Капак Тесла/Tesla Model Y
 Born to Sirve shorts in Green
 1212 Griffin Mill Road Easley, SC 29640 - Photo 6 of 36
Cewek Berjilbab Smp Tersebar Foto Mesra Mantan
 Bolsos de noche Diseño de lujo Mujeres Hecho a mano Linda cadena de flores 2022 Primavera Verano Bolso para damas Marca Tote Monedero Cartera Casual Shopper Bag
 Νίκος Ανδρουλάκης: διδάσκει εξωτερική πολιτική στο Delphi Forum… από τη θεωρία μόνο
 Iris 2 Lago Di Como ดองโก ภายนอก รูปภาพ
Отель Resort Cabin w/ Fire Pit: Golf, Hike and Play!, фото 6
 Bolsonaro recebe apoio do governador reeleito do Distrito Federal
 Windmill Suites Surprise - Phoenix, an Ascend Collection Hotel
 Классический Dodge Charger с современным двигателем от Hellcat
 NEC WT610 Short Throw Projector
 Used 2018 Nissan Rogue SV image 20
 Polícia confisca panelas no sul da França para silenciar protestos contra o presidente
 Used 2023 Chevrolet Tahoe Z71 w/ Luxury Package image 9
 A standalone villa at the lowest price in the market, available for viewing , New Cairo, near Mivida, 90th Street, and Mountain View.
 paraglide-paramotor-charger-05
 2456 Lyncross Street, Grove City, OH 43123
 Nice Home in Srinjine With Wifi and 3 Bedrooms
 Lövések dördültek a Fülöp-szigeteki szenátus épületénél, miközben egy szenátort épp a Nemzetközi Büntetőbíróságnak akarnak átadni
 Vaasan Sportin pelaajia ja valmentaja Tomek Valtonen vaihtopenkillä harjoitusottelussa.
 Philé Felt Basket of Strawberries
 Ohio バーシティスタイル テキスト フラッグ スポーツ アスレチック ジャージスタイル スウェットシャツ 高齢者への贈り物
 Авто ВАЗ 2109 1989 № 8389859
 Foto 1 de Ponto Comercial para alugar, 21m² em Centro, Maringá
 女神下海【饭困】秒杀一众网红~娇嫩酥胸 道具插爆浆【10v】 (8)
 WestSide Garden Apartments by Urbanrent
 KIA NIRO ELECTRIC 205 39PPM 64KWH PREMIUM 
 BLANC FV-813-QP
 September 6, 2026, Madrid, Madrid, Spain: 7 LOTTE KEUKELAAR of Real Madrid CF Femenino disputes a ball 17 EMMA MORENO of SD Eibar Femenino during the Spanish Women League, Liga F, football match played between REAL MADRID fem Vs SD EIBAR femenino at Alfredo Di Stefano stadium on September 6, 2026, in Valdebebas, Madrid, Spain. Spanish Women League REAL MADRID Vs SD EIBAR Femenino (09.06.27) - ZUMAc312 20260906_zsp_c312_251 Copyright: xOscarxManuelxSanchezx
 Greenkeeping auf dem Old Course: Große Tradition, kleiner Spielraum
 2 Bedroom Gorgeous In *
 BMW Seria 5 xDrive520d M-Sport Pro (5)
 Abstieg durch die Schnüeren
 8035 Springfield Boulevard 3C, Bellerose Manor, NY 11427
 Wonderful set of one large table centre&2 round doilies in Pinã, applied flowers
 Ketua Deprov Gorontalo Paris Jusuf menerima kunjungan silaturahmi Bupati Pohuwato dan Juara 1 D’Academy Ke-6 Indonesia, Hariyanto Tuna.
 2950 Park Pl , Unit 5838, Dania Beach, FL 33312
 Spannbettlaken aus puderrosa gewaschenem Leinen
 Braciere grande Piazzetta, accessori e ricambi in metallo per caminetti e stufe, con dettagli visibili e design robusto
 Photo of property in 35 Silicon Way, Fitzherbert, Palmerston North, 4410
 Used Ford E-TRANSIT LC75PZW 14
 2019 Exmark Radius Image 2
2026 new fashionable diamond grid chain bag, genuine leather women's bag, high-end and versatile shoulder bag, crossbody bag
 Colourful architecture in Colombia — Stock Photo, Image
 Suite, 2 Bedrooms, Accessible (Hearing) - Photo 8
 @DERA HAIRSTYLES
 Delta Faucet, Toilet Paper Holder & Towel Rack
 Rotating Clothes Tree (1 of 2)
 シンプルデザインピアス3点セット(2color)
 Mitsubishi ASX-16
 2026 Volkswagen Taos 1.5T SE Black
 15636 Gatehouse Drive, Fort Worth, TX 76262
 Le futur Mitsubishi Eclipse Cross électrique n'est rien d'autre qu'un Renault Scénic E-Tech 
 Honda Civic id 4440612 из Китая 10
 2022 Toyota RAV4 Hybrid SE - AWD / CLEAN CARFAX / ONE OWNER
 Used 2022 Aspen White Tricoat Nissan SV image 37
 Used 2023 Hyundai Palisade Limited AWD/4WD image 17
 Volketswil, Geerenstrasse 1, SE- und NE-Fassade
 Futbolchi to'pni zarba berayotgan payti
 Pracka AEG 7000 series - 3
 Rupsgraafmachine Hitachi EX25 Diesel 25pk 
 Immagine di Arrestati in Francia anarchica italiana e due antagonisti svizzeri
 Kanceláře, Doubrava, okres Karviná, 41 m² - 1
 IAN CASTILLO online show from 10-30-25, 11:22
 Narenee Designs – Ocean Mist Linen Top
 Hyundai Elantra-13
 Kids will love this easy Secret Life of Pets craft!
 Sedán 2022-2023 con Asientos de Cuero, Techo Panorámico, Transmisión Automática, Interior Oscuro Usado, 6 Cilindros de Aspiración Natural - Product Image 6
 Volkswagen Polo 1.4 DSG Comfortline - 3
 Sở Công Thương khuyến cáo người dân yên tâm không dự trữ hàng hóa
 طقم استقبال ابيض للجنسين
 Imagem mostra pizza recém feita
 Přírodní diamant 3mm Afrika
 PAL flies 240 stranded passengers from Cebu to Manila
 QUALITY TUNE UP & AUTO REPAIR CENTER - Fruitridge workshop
=====
* [WHAT IS NEEDED] Repeat word for word the lines above that run from the line containing "2 Bedroom Gorgeous In *" through the line containing "Ketua Deprov Gorontalo", both ends included, and nothing else.

* [RESPONSE BOX]
 2 Bedroom Gorgeous In *
 BMW Seria 5 xDrive520d M-Sport Pro (5)
 Abstieg durch die Schnüeren
 8035 Springfield Boulevard 3C, Bellerose Manor, NY 11427
 Wonderful set of one large table centre&2 round doilies in Pinã, applied flowers
 Ketua Deprov Gorontalo Paris Jusuf menerima kunjungan silaturahmi Bupati Pohuwato dan Juara 1 D’Academy Ke-6 Indonesia, Hariyanto Tuna.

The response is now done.